V'è da sottolineare a questo punto un vago sentimento di
insufficienza che invade il Caro. Scrivendo a Ludovico Beccadelli il
14 ott. 1547 egli confessava che "la grandezza di Farnese mi
spaventa"; passato oltre un decennio, confidava a Paolo Manuzio un
senso di stanchezza e di disillusione che lo assaliva considerando i
propri studi ("Voi sapete già tanto, e avete già tanto
mostro di sapere, che siete famoso per sempre. Il cercar di sapere
ancor più, con tanto consumamento di voi, è voler
morire innanzi tempo, piuttosto che viver dopo la morte… E, se lo
fate per piacere, studiate meno, che studierete più, e ne
goderete più lungamente. Io mi sento ormai assai bene,
perché non istudio": 10 febbr. 1558). è necessario
tener presente questi riferimenti per intendere come il C. tendesse
in questi anni non tanto all'ampliamento di un orizzonte culturale
(che si arricchisce, tuttavia, per il nuovo interesse alle rime del
Bembo, di cui allestì una edizione tra il '47 e il '48, per
la conoscenza delle Storie del Varchi e delle Vite del Vasari, per
la familiarità con i petrarchisti napoletani, con Vittoria
Colonna, col Della Casa), quanto al potenziamento e alla difesa di
un mestiere letterario che la sua epoca volle soprattutto orientato
verso la forma lirica.
Le Rime del C. forniscono senza dubbio una testimonianza del
trapasso dal clima permissivo della società farnesiana (in
cui si inserisce il tributo delle rime comiche e si giustifica il
ripristino di temi cari al giovanile valdesianesimo del C., diretti,
ad esempio, contro la corruzione della Chiesa nella canzone dettata
nel 1549 per sostenere la candidatura a pontefice del cardinal
Farnese) a un più rigido ideale controriformistico cui sono
improntate le ultime rime, sia che lo scrittore contempli con
sgomento l'ineluttabile trascorrere del tempo e si raccolga
devotamente in sé per l'ultimo cammino (nella canzone "Ahi,
come pronta e lieve"), sia che, approssimandosi il pericolo della
doppia morte, si volga, con supremo atto di contrizione, alla
misericordia di Dio (sonetto "Egro e già d'anni e più
di colpe grave") con la fiducia di lasciare agli uomini un esempio
del suo infinito perdono (sonetto "Giunta o vicina è l'ora,
umana vita"). Il che ovviamente comportava un vaglio diverso dei
modelli: da Michelangelo, poniamo, come specchio di motivi legati
per tradizione alla spiritualità riformistica, al Varchi e al
Guidiccioni, che proprio quella spiritualità erano riusciti a
correggere in senso ortodosso; l'attenuazione degli spunti
più polemici, il passaggio da una rappresentazione di stile
realistico e di impegno satirico alla misura di un pacato discorso
in versi il cui esempio migliore è forse costituito dal
sonetto "Perché siano i dì vostri oscuri e mesti". Ma
è poi vero che questa offerta lirica vuole imporsi non tanto
per l'universale accettabilità dei contenuti quanto per
l'abilità tecnica con cui il maestro di stile dirige e fa sua
ogni possibile manifestazione del sapere lirico. Ed ecco che il C.
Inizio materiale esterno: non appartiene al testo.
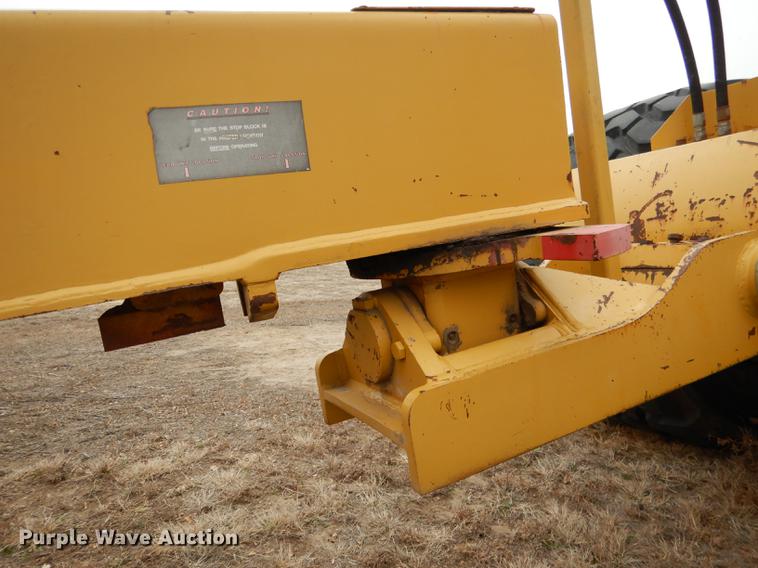 image for item FA9251 2005 Eject SC172T scraper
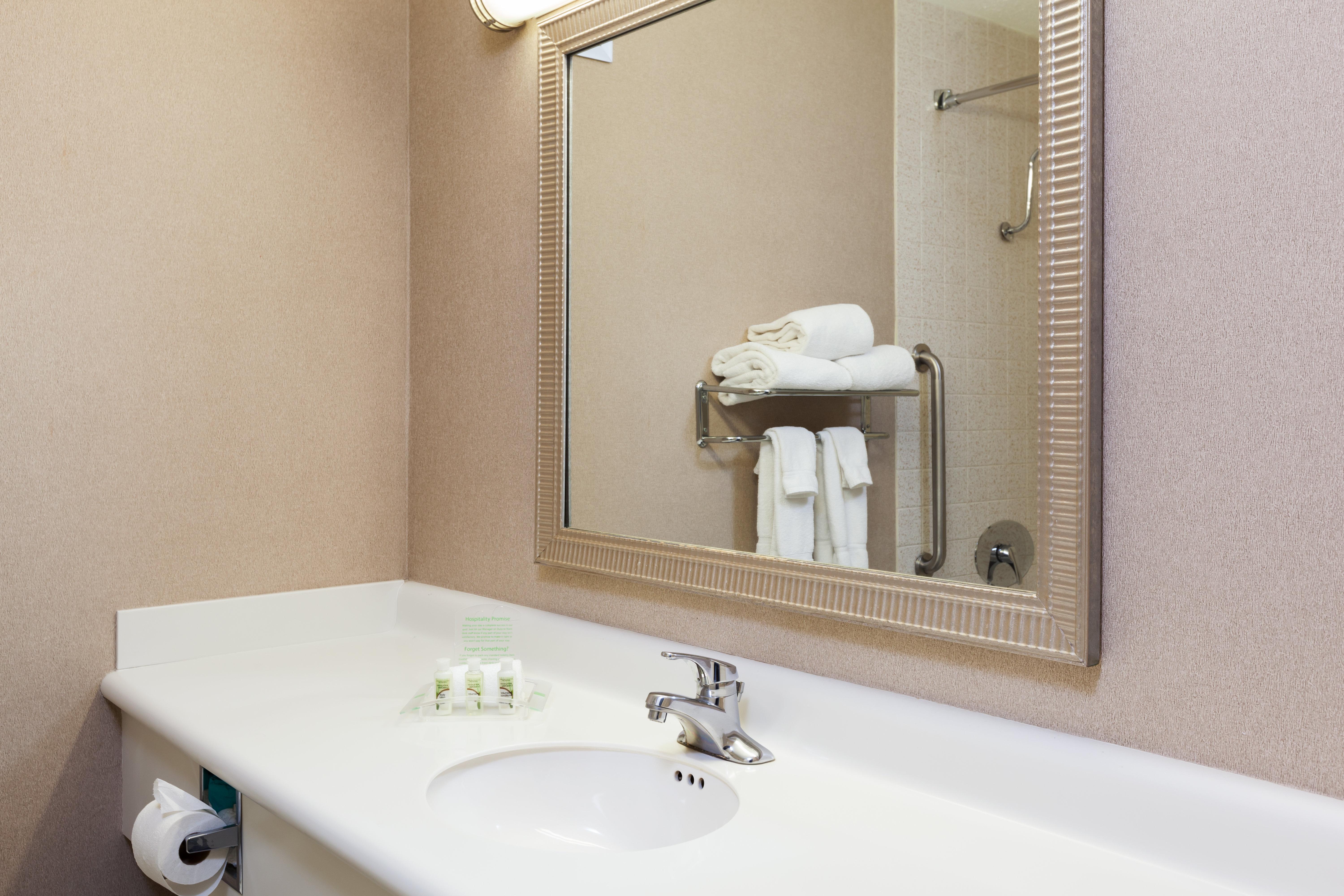 Holiday Inn Weirton-Steubenville Area Exteriör bild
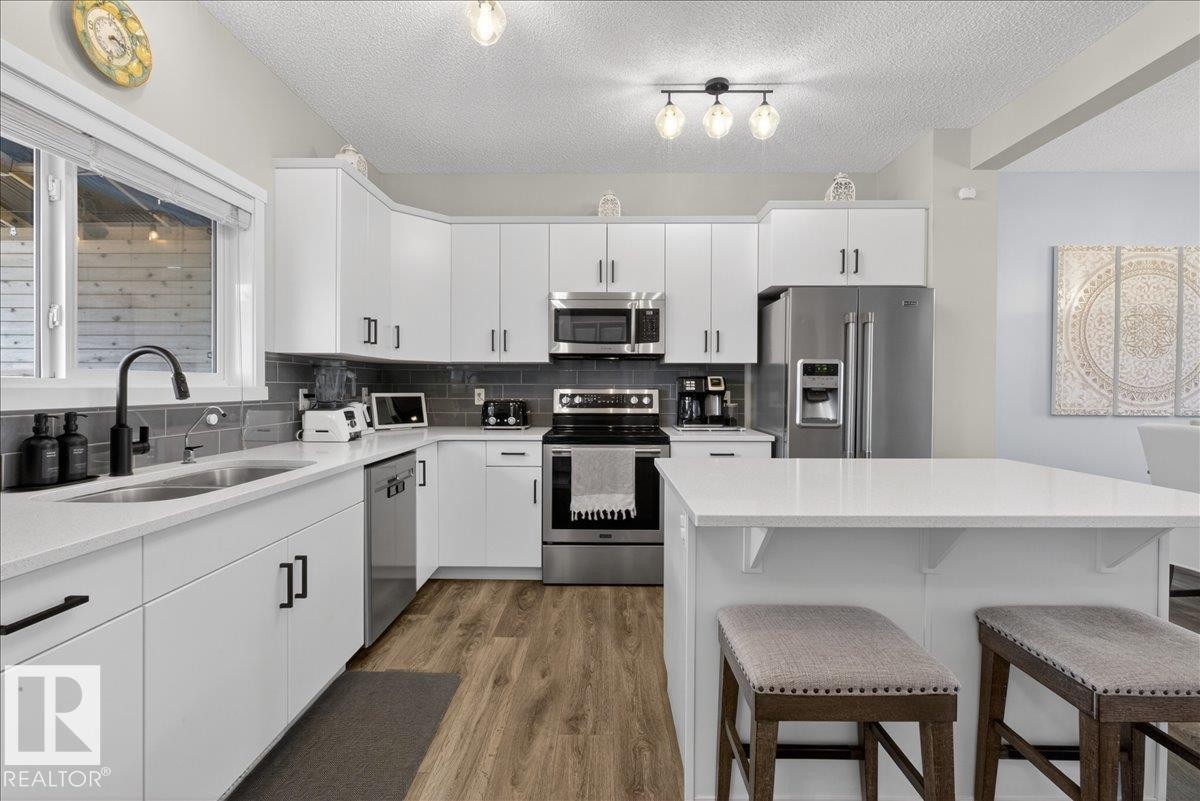 2530 Orchards Way, Edmonton, AB - Indoor Photo Showing Kitchen With Double Sink With Upgraded Kitchen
interviene a favore degli "Accademici della Nuova Poesia" dettando
versi alla maniera "barbara" del Tolomei, compone versi per musica e
fa opera di restauro imitando la lirica stilnovistica, commisura le
proprie capacità inventive alla dimensione dell'elogio e del
compianto, sopperendo ad una fondamentale inerzia intellettuale con
la fitta rete di un'intesa per le rime in cui furono coinvolti quasi
tutti i maggiori letterati dell'epoca, da Bernardo Cappello al Della
Casa, dal Rota al Di Costanzo e al Tansillo. Come le lettere anche
il discorso della poesia tende ad imporsi in quanto sapienza
astratta dalla occasionalità di un messaggio, anche elevato,
e condizionata invece alla capacità tecnica di comunicare
qualsiasi argomento. L'ostinazione retorica del C. significa in
fondo la salvaguardia di quella stessa ideologia della letteratura
per cui si era battuto il Bembo e che fonda il reale prestigio
dell'intellettuale di formazione umanistica. è su questa base
che si intende l'eccezionale aggressività del letterato
qualora venga messa in dubbio la validità degli strumenti
espressivi: la polemica fra il Castelvetro e il C. a proposito di
una maldestra canzone encomiastica che quest'ultimo aveva rivolto
alla monarchia francese ("Venite all'ombra de' gran Gigli d'oro")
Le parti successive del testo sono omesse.